[Dataset excerpts — start]

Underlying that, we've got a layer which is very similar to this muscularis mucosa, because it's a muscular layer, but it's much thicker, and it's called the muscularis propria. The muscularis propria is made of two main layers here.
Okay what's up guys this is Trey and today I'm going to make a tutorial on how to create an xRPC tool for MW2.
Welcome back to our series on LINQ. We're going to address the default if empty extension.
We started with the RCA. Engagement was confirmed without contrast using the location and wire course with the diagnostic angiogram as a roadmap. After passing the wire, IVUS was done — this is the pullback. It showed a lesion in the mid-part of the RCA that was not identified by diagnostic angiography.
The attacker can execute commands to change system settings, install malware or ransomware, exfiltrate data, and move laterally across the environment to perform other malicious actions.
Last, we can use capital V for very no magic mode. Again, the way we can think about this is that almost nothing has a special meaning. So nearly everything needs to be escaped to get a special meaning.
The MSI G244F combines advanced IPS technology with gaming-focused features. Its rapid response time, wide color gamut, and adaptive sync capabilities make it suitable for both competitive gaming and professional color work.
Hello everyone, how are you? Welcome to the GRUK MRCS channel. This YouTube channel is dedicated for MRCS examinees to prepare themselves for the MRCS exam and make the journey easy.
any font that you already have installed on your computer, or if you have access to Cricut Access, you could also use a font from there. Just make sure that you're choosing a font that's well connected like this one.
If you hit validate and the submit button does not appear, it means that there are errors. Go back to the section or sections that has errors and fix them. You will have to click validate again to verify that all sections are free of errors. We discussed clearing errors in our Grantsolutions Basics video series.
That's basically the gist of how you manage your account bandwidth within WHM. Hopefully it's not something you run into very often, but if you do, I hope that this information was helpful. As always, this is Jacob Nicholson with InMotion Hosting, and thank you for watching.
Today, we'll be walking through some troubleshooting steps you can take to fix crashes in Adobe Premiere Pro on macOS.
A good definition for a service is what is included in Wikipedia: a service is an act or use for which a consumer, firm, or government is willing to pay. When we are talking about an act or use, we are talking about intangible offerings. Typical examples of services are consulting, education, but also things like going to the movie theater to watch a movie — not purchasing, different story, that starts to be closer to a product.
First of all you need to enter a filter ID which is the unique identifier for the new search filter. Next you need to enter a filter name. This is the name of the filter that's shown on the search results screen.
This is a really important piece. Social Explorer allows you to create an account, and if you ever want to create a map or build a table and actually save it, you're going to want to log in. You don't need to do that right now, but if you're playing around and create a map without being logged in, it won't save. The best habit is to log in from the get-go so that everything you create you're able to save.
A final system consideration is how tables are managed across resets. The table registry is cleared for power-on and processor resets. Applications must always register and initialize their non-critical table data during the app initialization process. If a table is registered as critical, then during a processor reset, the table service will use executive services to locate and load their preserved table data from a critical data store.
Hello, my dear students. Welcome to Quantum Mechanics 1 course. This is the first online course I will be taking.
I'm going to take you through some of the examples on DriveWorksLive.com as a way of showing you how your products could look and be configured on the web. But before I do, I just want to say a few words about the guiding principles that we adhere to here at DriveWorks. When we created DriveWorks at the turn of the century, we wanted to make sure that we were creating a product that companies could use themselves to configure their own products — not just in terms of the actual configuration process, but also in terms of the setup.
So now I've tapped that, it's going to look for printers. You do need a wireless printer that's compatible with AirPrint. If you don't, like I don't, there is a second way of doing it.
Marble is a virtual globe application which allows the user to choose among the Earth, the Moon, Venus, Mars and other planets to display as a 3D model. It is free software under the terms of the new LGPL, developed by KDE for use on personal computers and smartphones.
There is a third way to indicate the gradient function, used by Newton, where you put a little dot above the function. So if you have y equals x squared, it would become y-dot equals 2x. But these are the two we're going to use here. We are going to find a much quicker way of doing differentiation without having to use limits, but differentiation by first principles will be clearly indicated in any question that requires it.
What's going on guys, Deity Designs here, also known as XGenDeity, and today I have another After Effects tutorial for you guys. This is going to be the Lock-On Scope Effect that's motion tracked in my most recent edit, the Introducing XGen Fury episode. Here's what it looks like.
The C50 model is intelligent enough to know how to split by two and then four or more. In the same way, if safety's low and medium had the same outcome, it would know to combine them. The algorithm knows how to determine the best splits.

[Dataset excerpts — finish]

■ Exercise objective
All lines above containing the string "Hello" are to be collected.

■ Solution to the problem
Hello everyone, how are you? Welcome to the GRUK MRCS channel. This YouTube channel is dedicated for MRCS examinees to prepare themselves for the MRCS exam and make the journey easy.
Hello, my dear students. Welcome to Quantum Mechanics 1 course. This is the first online course I will be taking.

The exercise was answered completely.